Sometimes, change is difficult to accept. For an elderly senior, relying on in-home care as an option may not be easy to accept. But it can be beneficial. In fact, home care is one of the better options for seniors as they get older and need help with regular activities.
It may be difficult to convince some seniors to look into home care, but once he or she has accepted this, it may be beneficial to help them prepare. Below are three simple keys that can help a senior prepare for in-home care support.
- Discuss their worries.
First and foremost, always remember that is the senior’s decision whether they receive in-home care support services. Once they have agreed to this, they may have worries still.
And that’s okay. Having worries or doubts is not bad. However, it’s important to address them. Talk about the things they’re concerned about. You may discover ideas, thoughts, or fears you never knew existed, even with an aging parent, spouse, or other loved one who is advancing in years.

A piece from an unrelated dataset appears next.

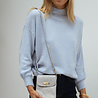 LAURETTA pull bleu ciel LAURETTA pull bleu ciel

Talk about these openly. Don’t simply dismiss them and say things like, “That’s just all in your head, mom.” Instead, validate their feelings, their emotions, because they are genuine.
But, discuss them honestly. And, if you don’t know the answer to something, say so. Don’t lie or try to sugarcoat something, but rather let them know you will find out the best you can and then go and do so.
By validating their emotions, it shows they are still valued as individuals and it’s a powerful asset in being prepared for a new life change.
- Encourage this as their choice.
As mentioned, this should always be the senior’s choice, not a family member’s. If this aging senior does not want a home care provider, don’t force it upon them. However, you may need to research the benefits of in-home care and discuss things the elderly person might still be able to do with this level of professional, experienced help.
When you encourage this has been their choice, they feel empowered. That is a wonderful benefit when life seems to be spinning out of control.
- Ask about things he or she would like to do again.
There may be certain activities like going to the park and feeding the birds or spending time with some friends they haven’t done in a while because they simply can’t get around on their own.
By talking about these things as though they are still possible, which they are thanks to in-home care, they will feel more inspired and even enthusiastic about this new change.